Bergab beschert uns das Superior die größte Überraschung. Denn entgegen unserer ersten Ver-mutung zündet der Kandidat ein regelrechtes Fahrspaßfeuerwerk. Von Race-Bike-Feeling keine Spur. Vor allem moderate verwinkelte Trails und flowige Strecken liegen dem Bike. Wie vom Hafer gestochen wirbelt es – stets mit einer Handbreit Luft unter den Rädern – durchs Gelände und hetzt von einer Kurve in die nächste. Die kompakte Geometrie mit kurzen Kettenstreben und das poppige Fahrwerk machen es möglich. „Wie ein BMX-Bike fürs Gelände“, fasst Testfahrer Mario den enormen Spieltrieb des Superiors in Worte.
Das Ansprechverhalten des Hinterbaus? Schön sensibel – zumindest bei freier Fahrt. Steht man in steilerem oder technischerem Gelände verstärkt auf der Bremse, blockiert der Hinterbau und leitet Schläge nahezu ungefiltert an den Fahrer weiter. Hier endet die Wohlfühlzone des Kandidaten, denn auch das 480 Millimeter (!) lange Sitzrohr erschwert mangels Bewegungsspielraum das Handling auf technischen Abfahrten. Hinzu kommt die Reifenwahl: Die Schwalbe-Schlappen in der schnellen Speedgrip-Gummimischung rollen zwar höllisch schnell, verlieren aber früh Traktion und bieten kaum Pannenschutz. Hier besteht noch Tuning-Potenzial.

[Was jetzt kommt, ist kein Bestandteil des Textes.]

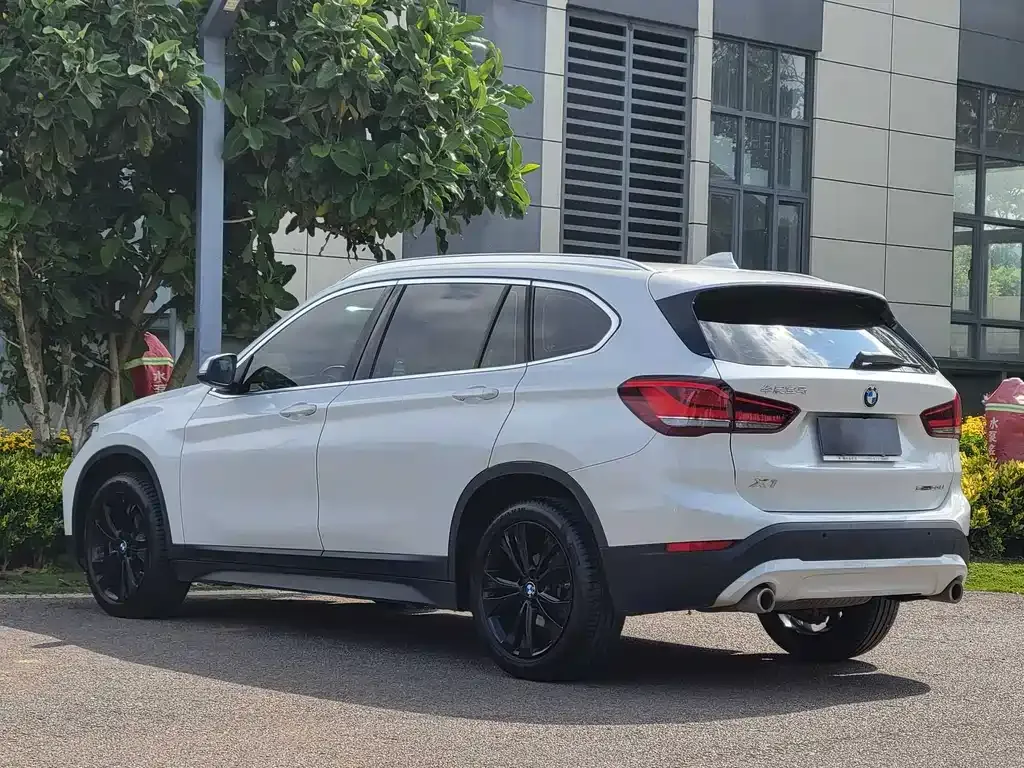BMW X1 2021 из CN, фото 8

Alle Leitungen und Kabel der Steuerzentrale verlaufen durch den Steuersatz in den Rahmen. Im Inneren des Rahmens liegen die Züge frei und nicht in einlaminierten Führungen oder Röhrchen. Das erschwert Reparaturen oder etwa den Tausch der Bremsanlage. Auch schade: Der Steuersatz sitzt eingepresst im Steuerrohr und kann nur mit Spezialwerkzeug getauscht werden. Auch das Pressfit-Tretlager erschwert den Ein- und Ausbau bei Wartungsarbeiten und beansprucht dabei den Rahmen stärker als ein verschraubtes Tretlager. Lob gibt's für die massiven Kunststoff-Protektoren auf dem Unterrohr und an der Kettenstrebe. Die zahlen zudem auf die Haltbarkeit ein. Dank UDH-Schaltauge ist das Superior auch mit den aktuellen Transmission-Antrieben von Sram kompatibel.
Die Tschechen haben es geschafft, auf Race-Fully-Basis ein spaßiges Trailbike für den Toureneinsatz aufzubauen. Je nach Gelände bringt das Bike enormen Fahrspaß. Für technisch anspruchsvolle Strecken findet man aber kompetentere Modelle.